Scaling media operations for the ad-first era

Wed, 3rd Jun 2026 (Today)

In 2022, Netflix shocked subscribers with the decision to offer ad-supported tiers. While they were not the first company to do so, it signaled a major shift: subscriptions alone were no longer enough to drive growth. Rising subscription costs, changing consumer habits, and increased competition from streaming and other media platforms meant companies had to find a new way to monetize audiences. 

Only a few years later, advertising has surpassed subscriptions as the No.1 revenue model for media and content companies. In 2025 alone, U.S. advertising spend reached more than $466 billion. Some companies have even started showing ads to subscribers, further solidifying the importance of ad-driven revenue. The transition has attracted new players, from Instacart and DoorDash to retail media networks and connected TV, making the competitive landscape much more intense. Audiences are also increasingly fragmented across different channels, and media organizations have to work harder than ever to reach them. 

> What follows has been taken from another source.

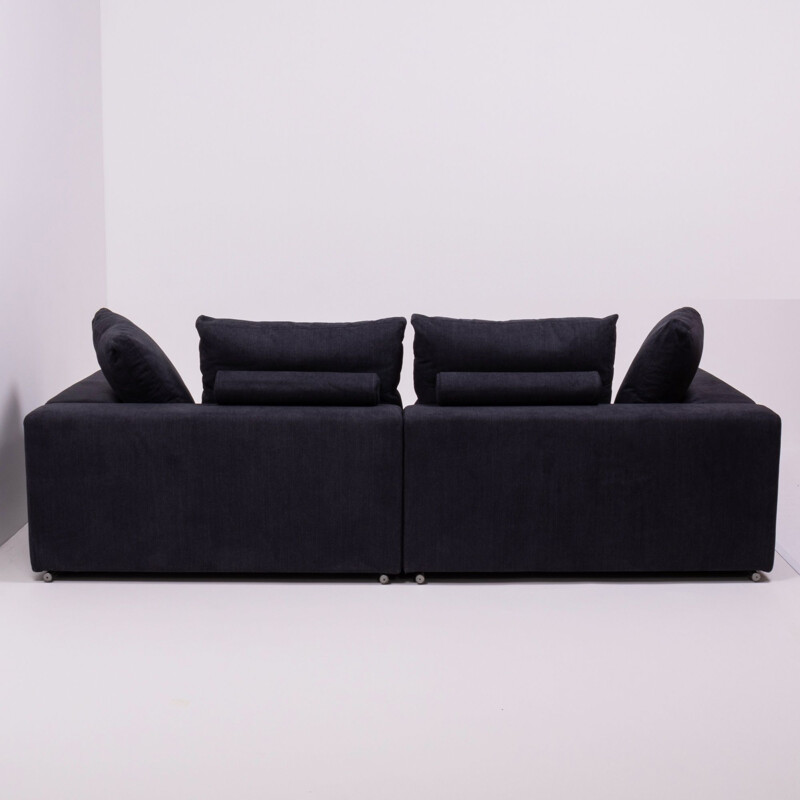 Vintage 2-seater sofa in slate grey fabric by Flexform,1990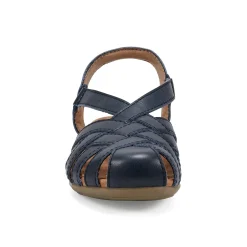 Earth Shoes Berri Woven Casual Round Toe Slip-on Sandals Medium Blue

To stand out in this environment, media organizations must rethink how they sell, fulfill, and report on advertising campaigns. Technology alone isn't enough.

Success rests on three fundamental pillars: 

1. Abandoning the Fear of Automation 

Adopting modern technology is the baseline for staying ahead in the advertising game. While AI and other automation tools are widely accessible, access alone won't create an advantage. It takes a cohesive effort from all departments including sales, client success, Ad Ops, finance, and engineering to set aside the fear that machines will replace humans and instead recognize automation for the force multiplier that it is. Rev Ops leaders have to create a culture where teams feel confident to use automation, not threatened by it, and understand how it supports their business function. 

Beyond fear lies opportunity. When automation is embraced aggressively and strategically, companies move from simply keeping up to creating a sustainable competitive edge. Teams gain the bandwidth to focus on more high-value work, and campaigns move through the pipeline faster. 

2. Streamline the Whole, Not Just a Part 

The single, most-pressing challenge in Rev Ops is fragmentation. Even if teams begin to warm up to the idea of automation, they will often begin with isolated tasks. Most of the time, this leads to patched-together point solutions or only a single stage of the order-to-cash cycle being modernized. 

It's important for advertising leaders to understand that automation for automation's sake is not the goal. Instead, it's about strengthening the full lifecycle of how media is sold and delivered. True scale and efficiency only emerge when organizations uplevel the entire workflow from end to end. Treating each stage separately only creates friction and diminishing returns. Holistic automation ensures that every part of the operation can work in sync and creates unmatched consistency. 

3. Keep Humans in the Loop 

Even the most advanced automation requires human oversight. With media operations always shifting, removing humans entirely makes automation brittle and more difficult to maintain. The most advanced algorithms can't understand shifting formats, new partners, evolving client expectations, or the many small exceptions that pop up from customer to customer. 

Organisations that stay ahead are those who understand that automation's true purpose is to elevate human talent. Let the machine handle high volume complex workflows and operational processes in precision, while Rev Ops professionals handle nuance and problem solving, focusing on value driven and growth specific initiatives. Human-in-the-loop models can also ensure smoother adoption across teams and keep operations grounded, adaptable, and trusted internally. 

People are exposed to more than 15,000 commercial stimuli per day, so it's critical for organizations to have the technology and processes in place to make their message stand out. 
Advertising's reign as the dominant revenue engine for media and content companies will not change anytime soon. To truly be successful, organizations need a strategic, end-to-end approach that includes people at the center of every decision. Those who embrace this mindset will thrive even in the crowded ad-driven marketplace.